Home Grown Lemons and the Real Reason I Bake

Posted by on Oct 3, 2016 in Kitchen, Life As We Know It | No Comments


There are so many reasons to bake. And bake as in cake.

After years of comforting myself in the kitchen by stirring, mixing and rubbing in butter, I suddenly realised why I am the one often bringing the cake to the party. The one who bakes banana bread after work, who makes scones for the next day at nighttime, who flips pancakes in the morning (actually that rarely happens), who shapes cookies in the afternoons and makes brown butter walnut brownies on the weekends.

Basically, I am lazy.

Hah. There I said it.

Not lazy to cook, but lazy to source ingredients. As in lazy to shop.

A long ingredient list usually puts me off any other type of recipe except in baking. For baking, I almost always have 95% of ingredients right there in my kitchen. I don’t need to find a particular cut of meat or have the foresight to defrost whatever it is I have in the freezer. I don’t need to track down an out-of-season vegetable or clean and skin a fish which frankly, who does?

And while it may require bowls and measuring cups, it only fills your kitchen with wafts of sweet vanilla caramelization. When melted fat meets molten sugar. No grease stains on the tiles, no raw fish smell hanging in the air. 

There isn’t a perfect word in English for that moment when you remove a cake from an oven, in Italian it’s sfornare – to take out of the oven (forno). The anticipation. You weigh the hot pan in your hands, wondering if you poked enough holes in it with a toothpick to make sure every corner is well-cooked with just enough crumb left behind and whether you have the patience to wait it out as the recipe says, “let cool in pan for ten minutes.”

It is quiet.

It is something you can do early in the morning or late at night when everyone else has gone to bed. (Unless you are experimenting with meringues or a batter that requires enough beating to wake up the whole neighbourhood.)

It is non-essential.

We may need baking for our souls, but not for our thighs. It is strictly there to satisfy an indulgence or celebrate an event. All that work for a moment of pleasure when that slice sends your body’s physical reaction into overdrive and your mind’s emotional response to a happy place.

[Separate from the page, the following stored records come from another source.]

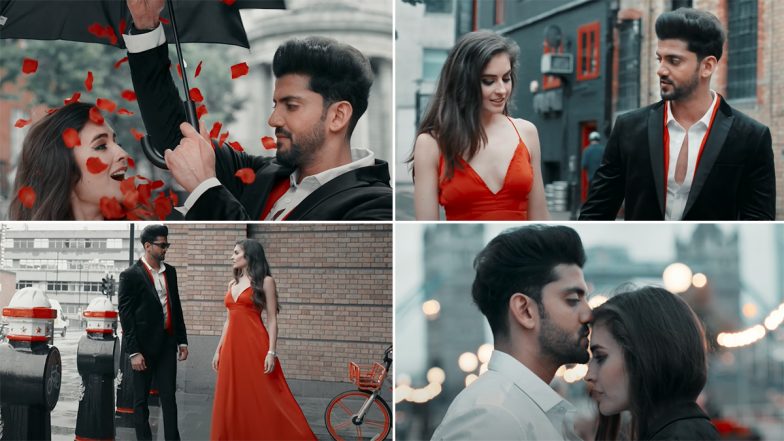 Ishq Da Dariyaa Song: JJust Music ने रोमांटिक गाना 'इश्क द दरिया' किया रिलीज, Zaheer Iqbal और Sarah Anjuli की दिखी सिजलिंग केमिस्ट्री
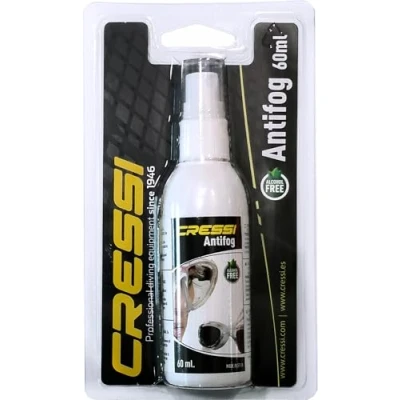 Obrázek Cressi Premium Anti Fog pro potápěčské brýle, bílé, 60 ml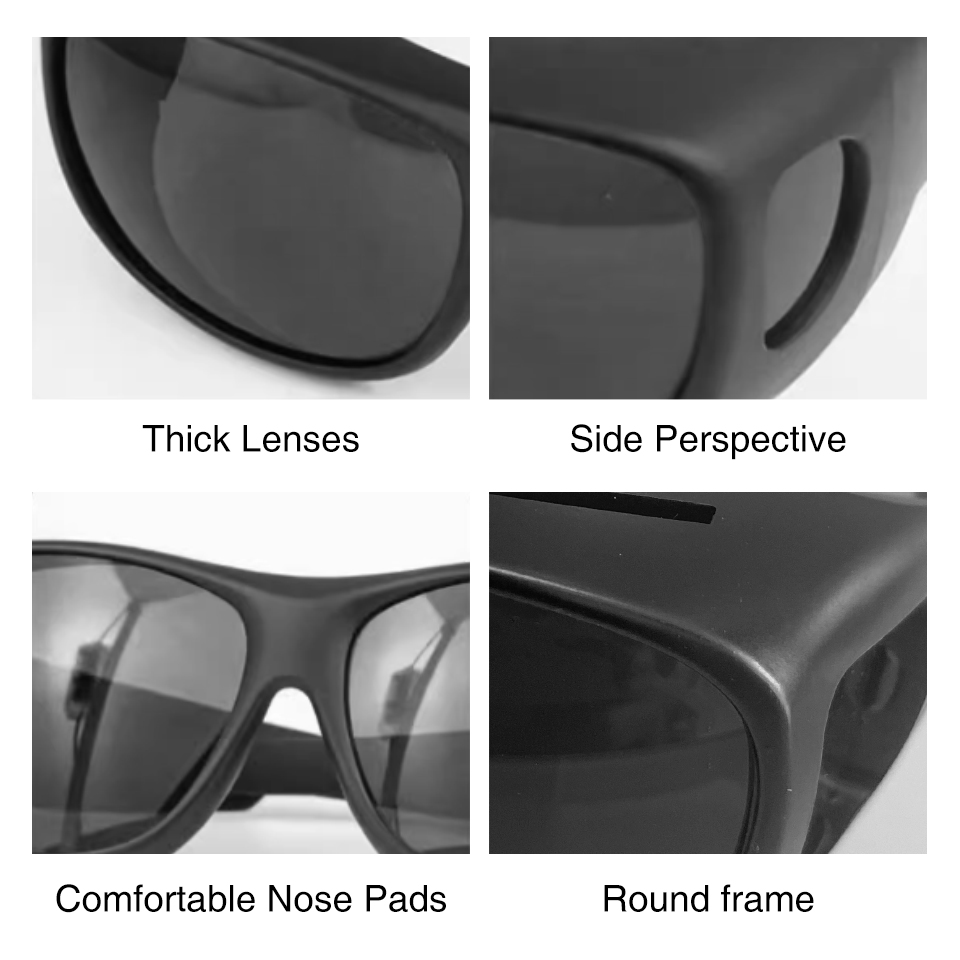 Infrared UV Protective Laser S - Laser Welding Protective Goggles 1064Nm recension och pris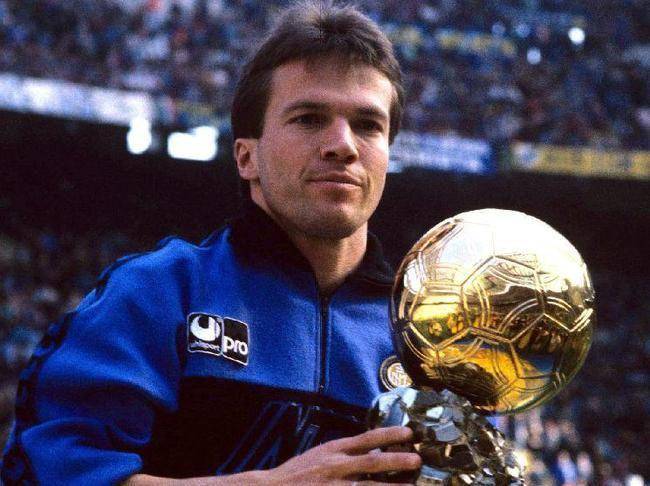 Lothar Matthaus (twitter.com/LMatthaeus10)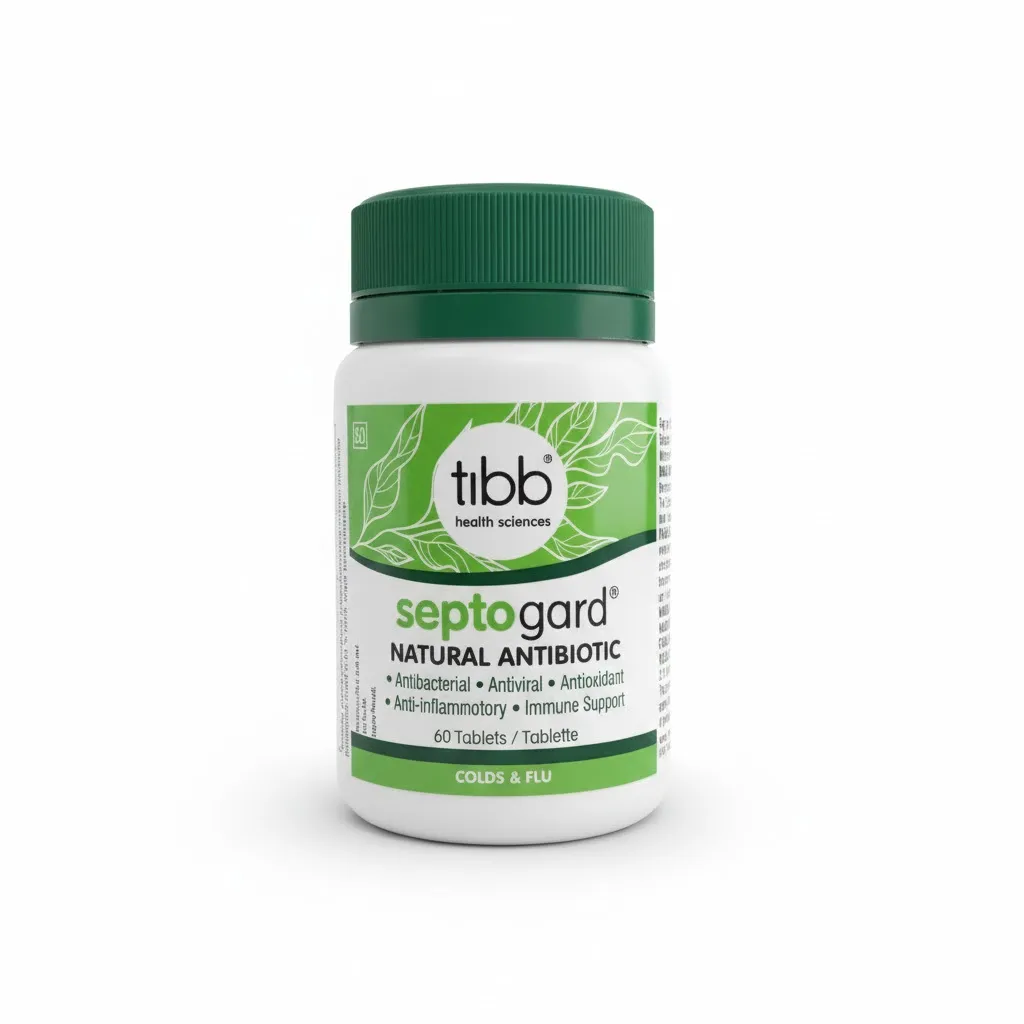 TIBB HEALTH SCIENCES-Sepogard tablets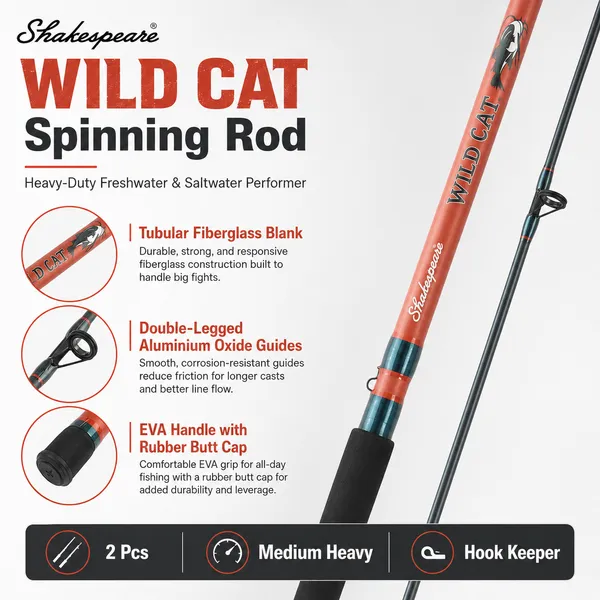 Shakespeare_WILD_CAT_Spinning_Fishing_Rod_9_Ft_Medium_Heavy_–_Heavy_Duty_Fiberglass_Rod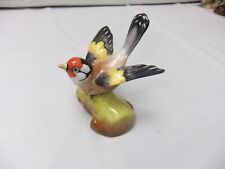 RARE Crown staffs GOLDFINCH BY  J.T.JONES  Height 7x7x6 cm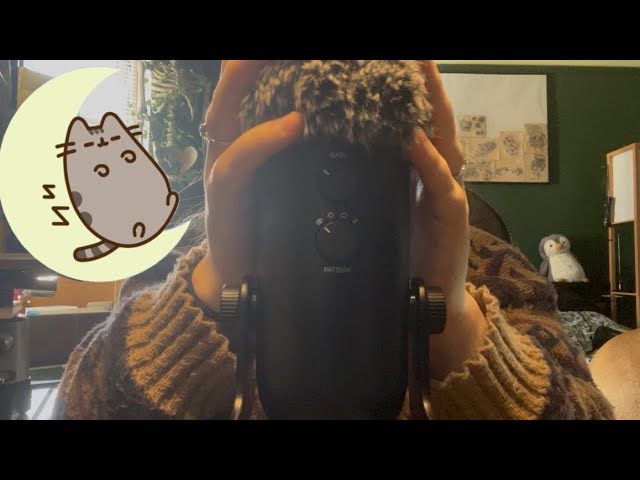 ASMR || Fluffy Mic Brushing For Sleep & Relaxation 😴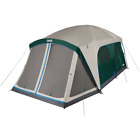 Coleman Skylodge Cabin Tent: 12-Person 3-Season, Evergreen /59485/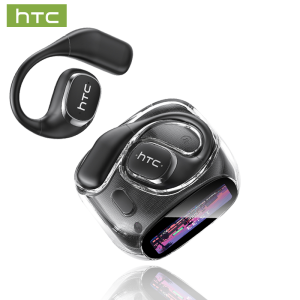 HTC NE11 AI ชุดหูฟังแปลไร้สายบลูทูธ V6.0 OWS TWS กีฬาเปิดหูฟัง IPX5 คุณภาพเสียงไฮไฟหน้าจอสัมผัส LED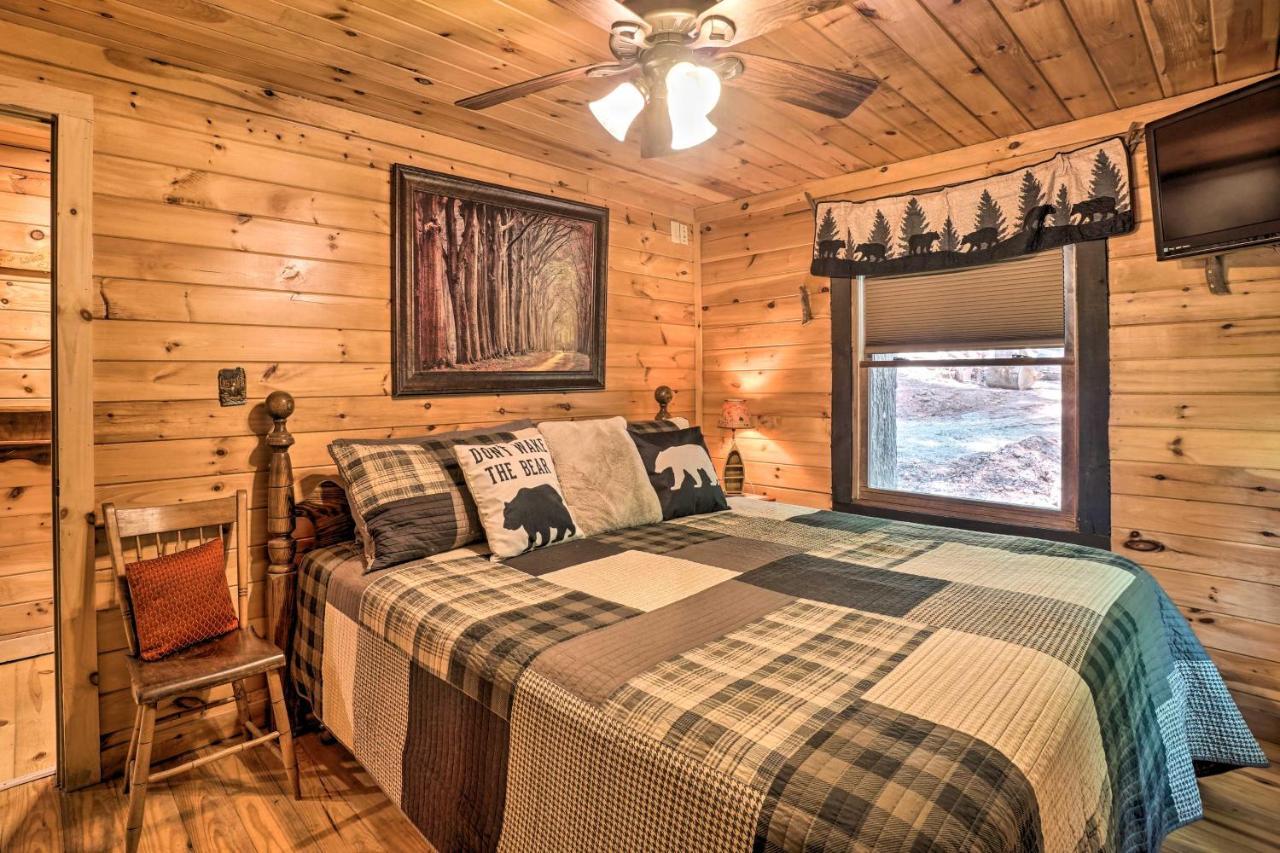 Villa North Georgia Mtn Escape With Hot Tub And Games! Sautee Nacoochee Esterno foto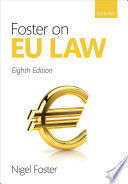 FOSTER ON EU LAW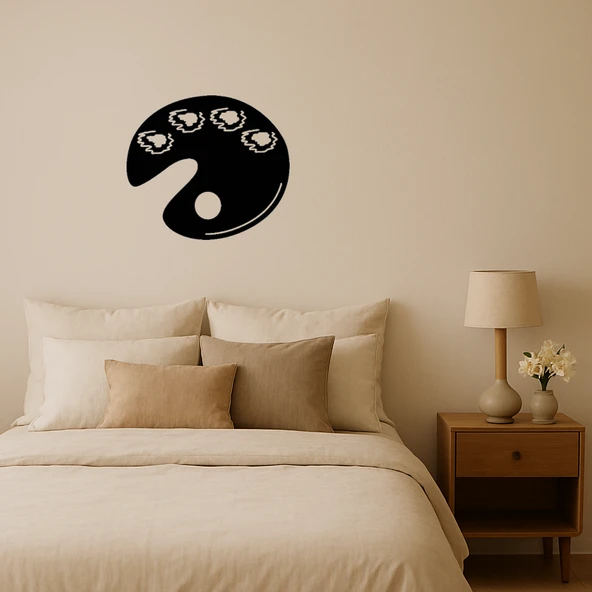 Renk Paleti Sanat Tabloları ürün görseli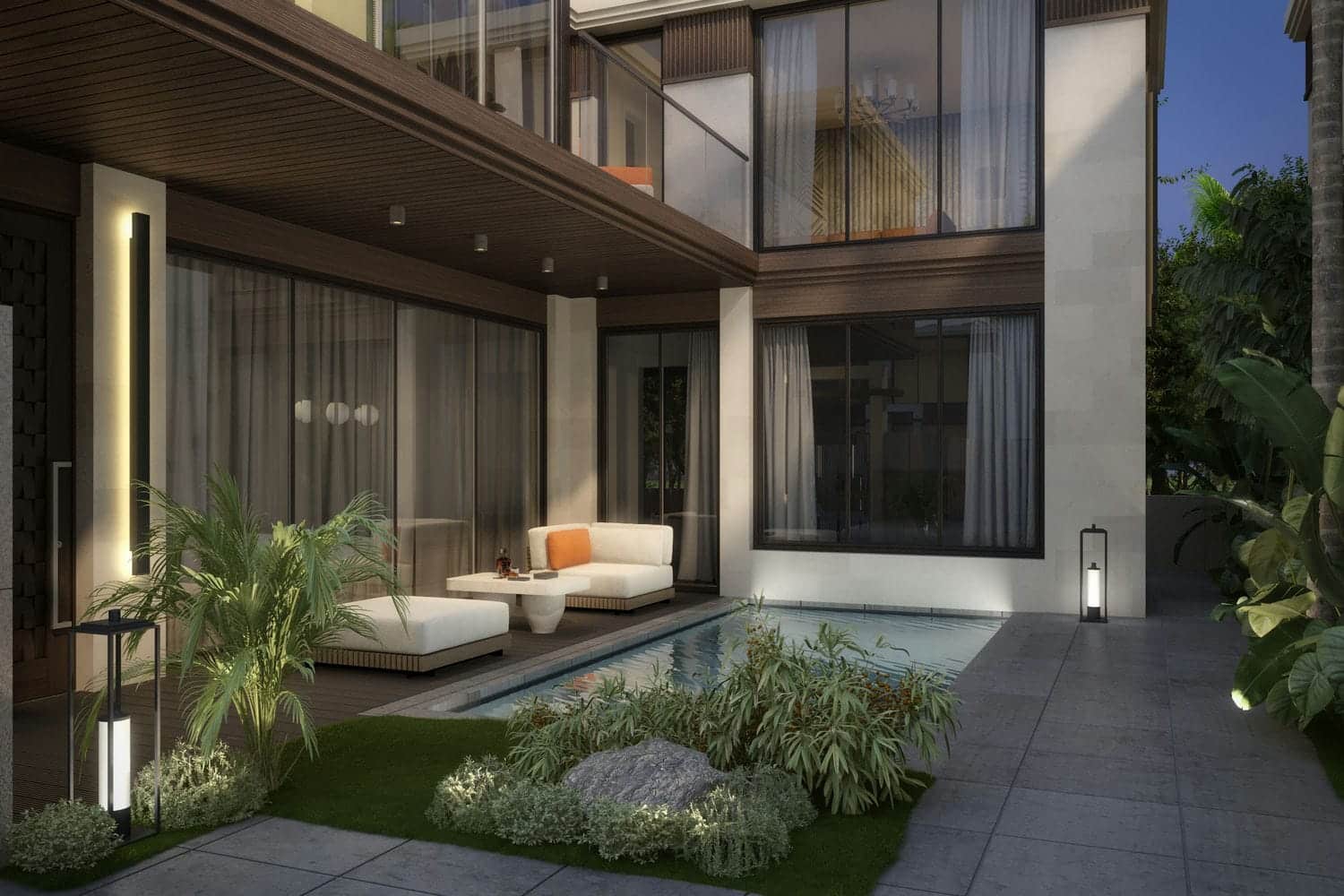 New project in Sanur Beach side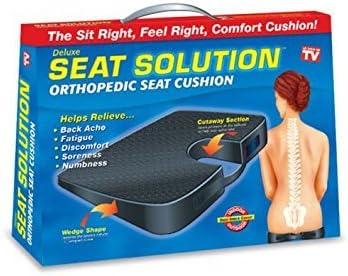 Hisp Deluxe Seat Solution Orthopedic Seat Cushion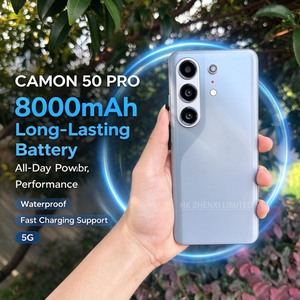 สมาร์ทโฟน Original Camon 50Pro ปลดล็อคด้วยลายนิ้วมือ รองรับ 5G กล้อง 108MP ชิปประมวลผล Deca-Core หน้าจอ 7.3 นิ้ว แบตเตอรี่ 6800mAh หน่วยความจำ 16+1TB รองรับ CDMA LTE เวอร์ชันสากล - Product Image 2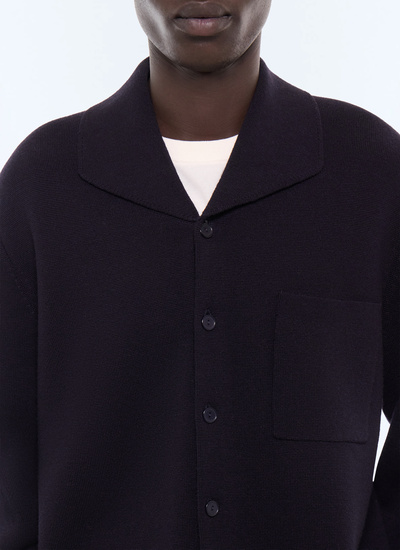 Men's main material: 100% woollining: none cardigan Fursac - A2LAVE-GA12-D030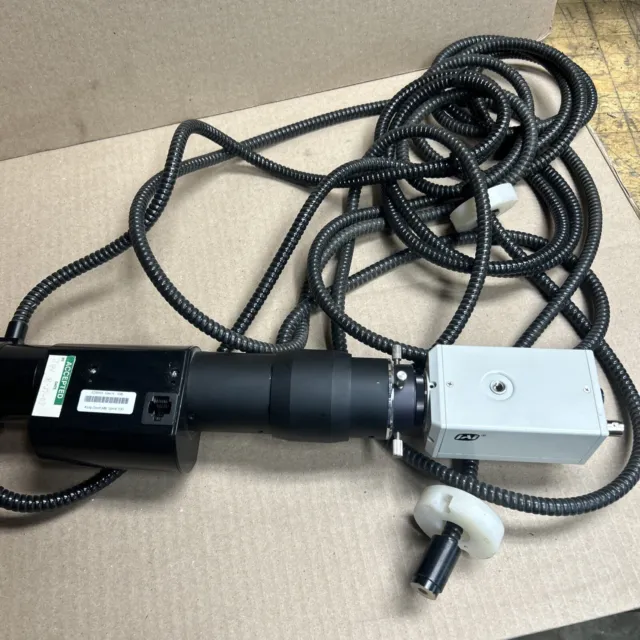 Jai Industrial Microscope Camera CV-S3200 With Zoom Sprint Video Probe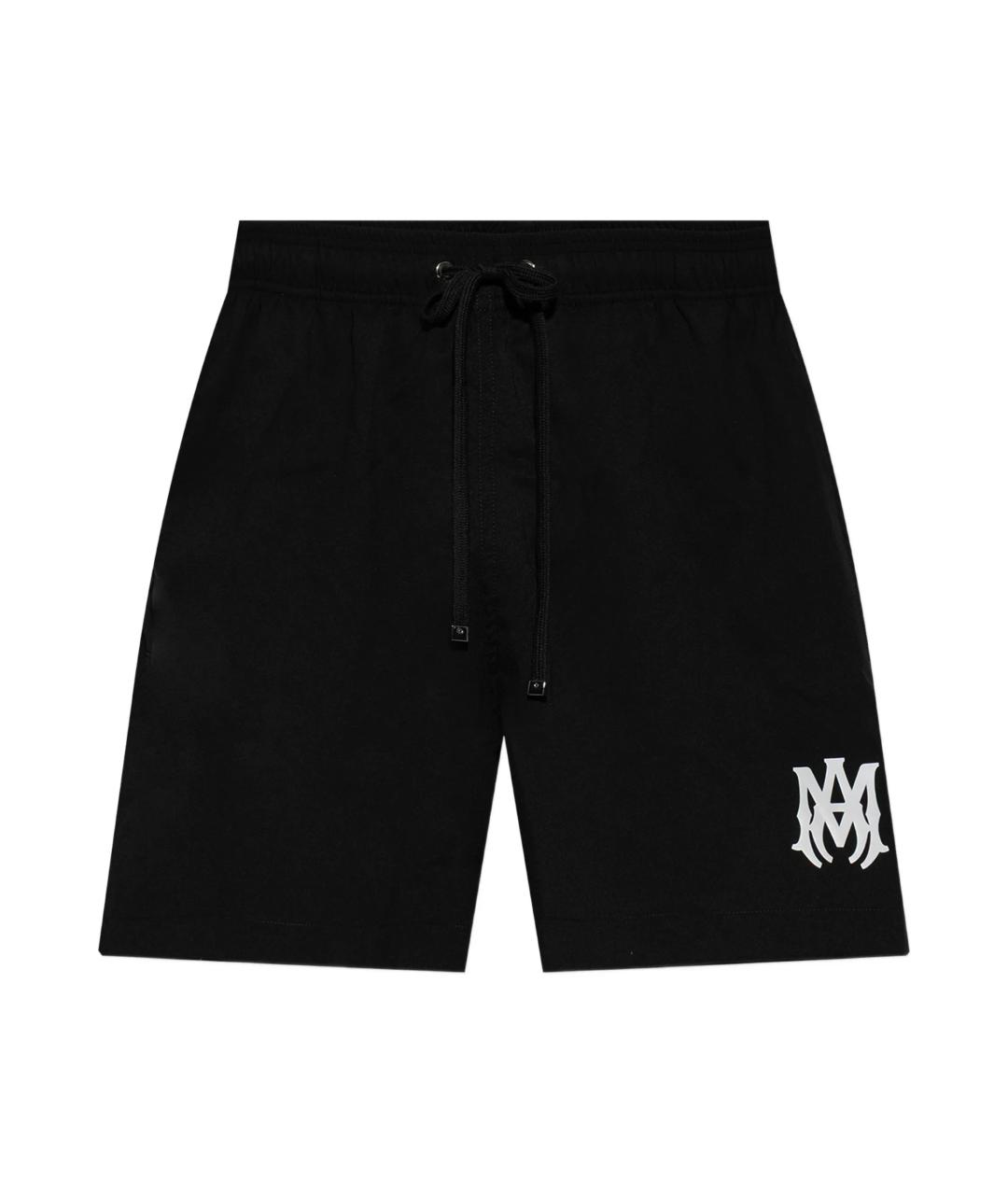 AMIRI Черные шорты, фото 1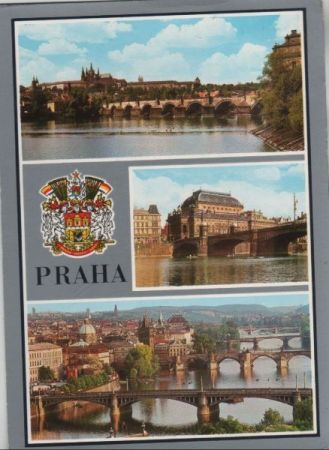 Tschechien - Prag - Praha - 3 Teilbilder - ca. 1985 Tschechien - Prag - Praha - 3 Teilbilder - ca. 1985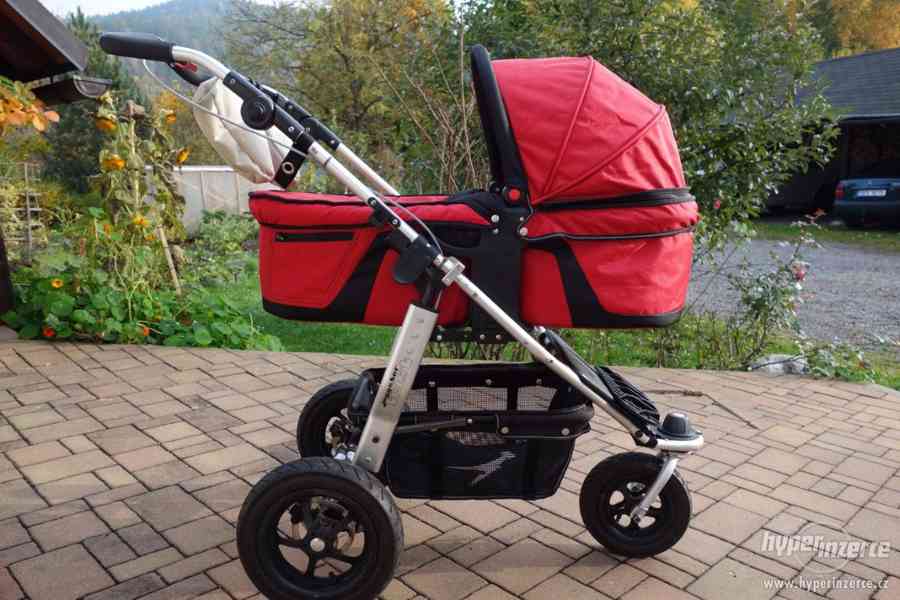 Joggster Twist s korbou a cybex adaptery - foto 2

That’s why I bake. To create the superfluous. Unnecessary in some ways, completely necessary in others. In an hour or less, I can create something that makes others happy and brings me the praise that I need. Yes, ok, my name is Gabriella and I am a people pleaser.

Baking is the people-pleaser’s drug. Plus, I suck at knitting or drawing.

So there it is in clear daylight. I am a lazy-people-pleaser and baking at night is my secret to solving all problems.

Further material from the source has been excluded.